#2: Impossible Things In Music

11/10/2024

SPEED:

I write songs very slowly. On average, it takes me two months to write one song. I have written faster, but the quality tends to tank.

Other people write so much faster that I find it hard to believe. For instance, after they’d settled on the title for Anything Goes, Cole Porter wrote the title song overnight. And Ira Gershwin reported that he and George wrote the song “Do, Do, Do” from Oh, Kay! in 45 minutes. (I think their time could have been better spent, but that’s just me.)

Even more impressive, I think, is what Irving Berlin did when he was asked to write the score for Annie, Get Your Gun. Just to see if he felt comfortable with the project, he holed up in a hotel for the weekend and wrote two or three, or even five songs (depending on who’s telling the story). You might even recognize one or two: “Doin’ What Comes Natur’lly,” “You Can’t Get a Man With a Gun,” “They Say It’s Wonderful,” “The Girl That I Marry,” and “There’s No Business Like Show Business.”
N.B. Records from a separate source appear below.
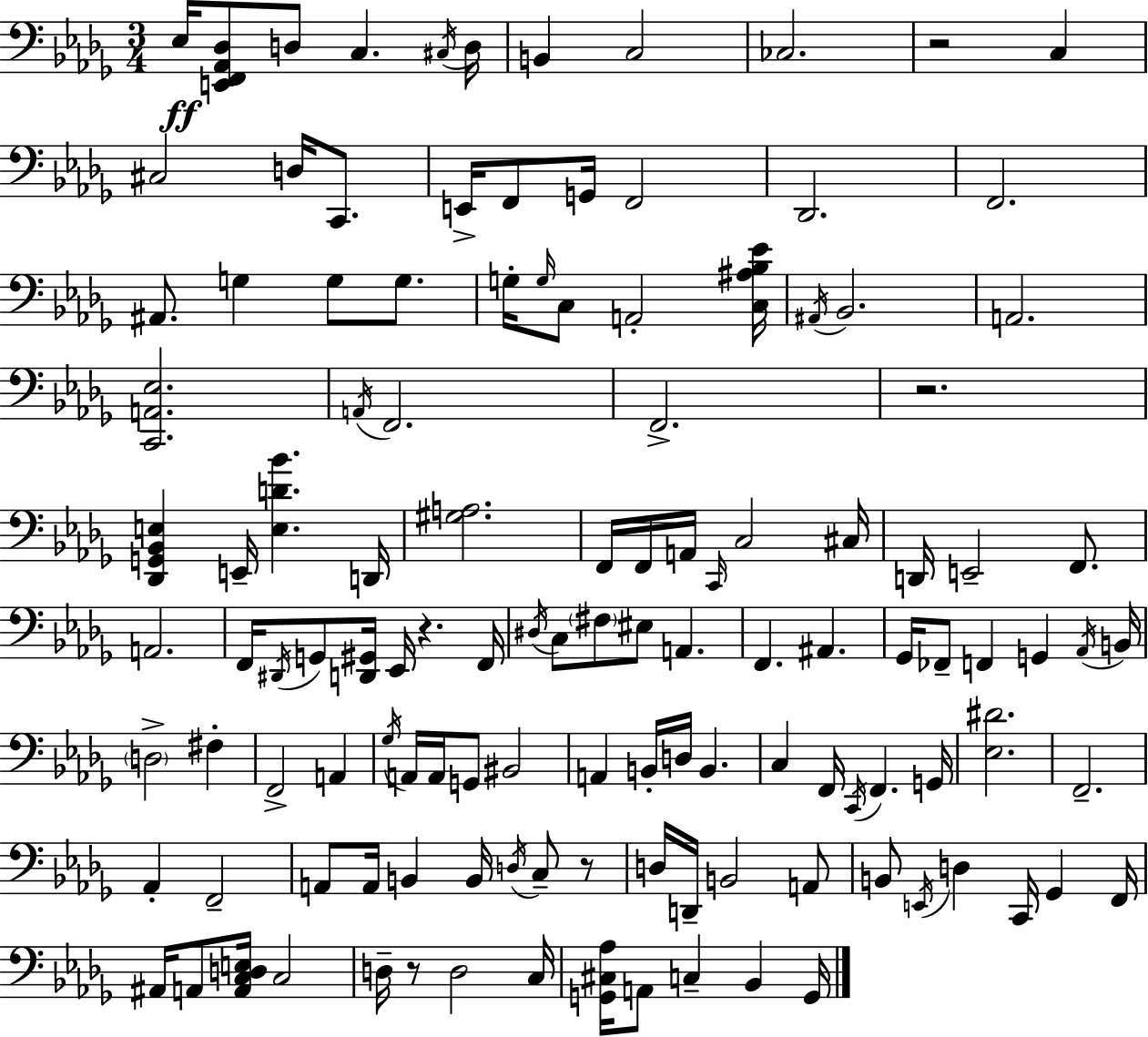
{
  \clef bass
  \numericTimeSignature
  \time 3/4
  \key bes \minor
  ees16\ff <e, f, aes, des>8 d8 c4. \acciaccatura { cis16 } | d16 b,4 c2 | ces2. | r2 c4 | \break cis2 d16 c,8. | e,16-> f,8 g,16 f,2 | des,2. | f,2. | \break ais,8. g4 g8 g8. | g16-. \grace { g16 } c8 a,2-. | <c ais bes ees'>16 \acciaccatura { ais,16 } bes,2. | a,2. | \break <c, a, ees>2. | \acciaccatura { a,16 } f,2. | f,2.-> | r2. | \break <des, g, bes, e>4 e,16-- <e d' bes'>4. | d,16 <gis a>2. | f,16 f,16 a,16 \grace { c,16 } c2 | cis16 d,16 e,2-- | \break f,8. a,2. | f,16 \acciaccatura { dis,16 } g,8 <d, gis,>16 ees,16 r4. | f,16 \acciaccatura { dis16 } c8 \parenthesize fis8 eis8 | a,4. f,4. | \break ais,4. ges,16 fes,8-- f,4 | g,4 \acciaccatura { aes,16 } b,16 \parenthesize d2-> | fis4-. f,2-> | a,4 \acciaccatura { ges16 } a,16 a,16 g,8 | \break bis,2 a,4 | b,16-. d16 b,4. c4 | f,16 \acciaccatura { c,16 } f,4. g,16 <ees dis'>2. | f,2.-- | \break aes,4-. | f,2-- a,8 | a,16 b,4 b,16 \acciaccatura { d16 } c8-- r8 d16 | d,16-- b,2 a,8 b,8 | \break \acciaccatura { e,16 } d4 c,16 ges,4 f,16 | ais,16 a,8 <a, c d e>16 c2 | d16-- r8 d2 c16 | <g, cis aes>16 a,8 c4-- bes,4 g,16 | \break \bar "|."
}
In one weekend? As far as I’m concerned, that’s impossible.

ARRANGING:

Recently I have been writing vocal harmonies. I have no business writing vocal harmonies, or arrangements either. My method is to sit at the piano and go plunk-plunk, “no, that’s not right,” plunk-plunk, “no, that’s not right,” plunk-plunk, “okay, that’s all right.” Then I pick up my pencil and I think, “now, what was that, again?” Plunk-plunk, “no, that wasn’t it”. . .
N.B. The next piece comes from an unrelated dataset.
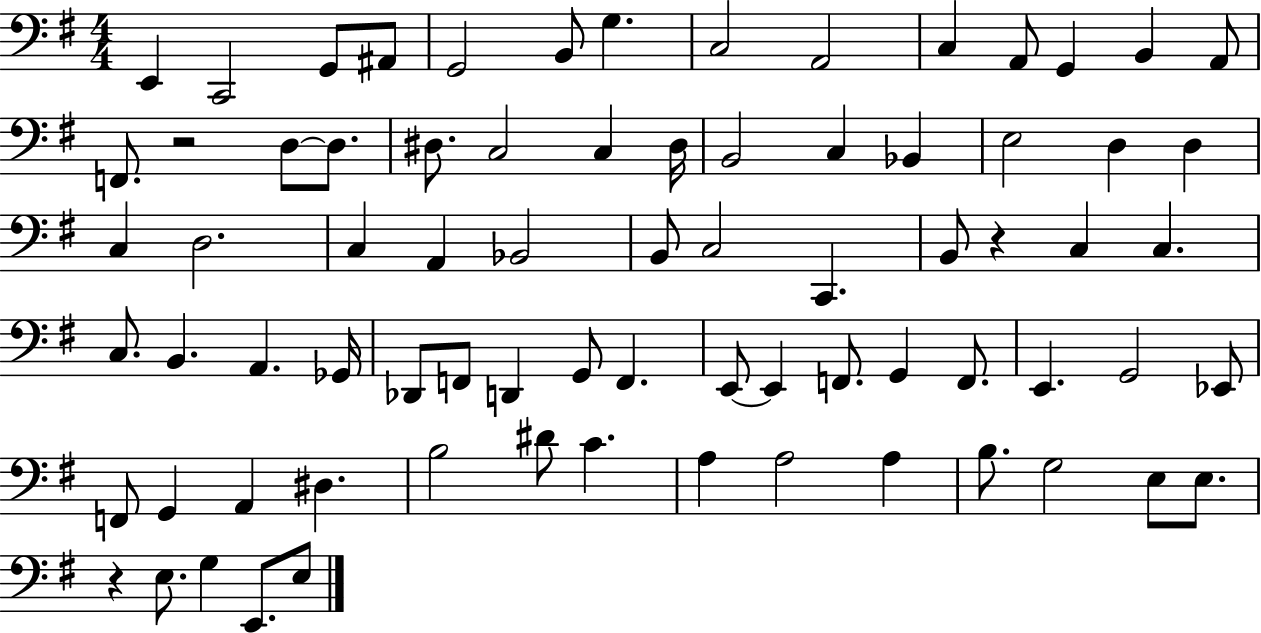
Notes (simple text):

E2/q C2/h G2/e A#2/e G2/h B2/e G3/q. C3/h A2/h C3/q A2/e G2/q B2/q A2/e F2/e. R/h D3/e D3/e. D#3/e. C3/h C3/q D#3/s B2/h C3/q Bb2/q E3/h D3/q D3/q C3/q D3/h. C3/q A2/q Bb2/h B2/e C3/h C2/q. B2/e R/q C3/q C3/q. C3/e. B2/q. A2/q. Gb2/s Db2/e F2/e D2/q G2/e F2/q. E2/e E2/q F2/e. G2/q F2/e. E2/q. G2/h Eb2/e F2/e G2/q A2/q D#3/q. B3/h D#4/e C4/q. A3/q A3/h A3/q B3/e. G3/h E3/e E3/e. R/q E3/e. G3/q E2/e. E3/e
If I were writing songs for Broadway I would have an orchestrator to do this for me. In Broadway’s golden age, orchestrators got their assignments at 11:00 in the evening and worked all night in a hotel room to have the orchestrations ready to be copied for the next day’s rehearsal. Even today the orchestrator will complete maybe 100 bars in a day, and all without recourse to a piano. They hear the instruments in their heads and they write it down.

All I hear in my head is the buzzing of tinnitus.

MEMORY:

I don’t know why I’m telling you this, but I have a terrible memory for music. Frequently I can’t remember the melodies of my own songs.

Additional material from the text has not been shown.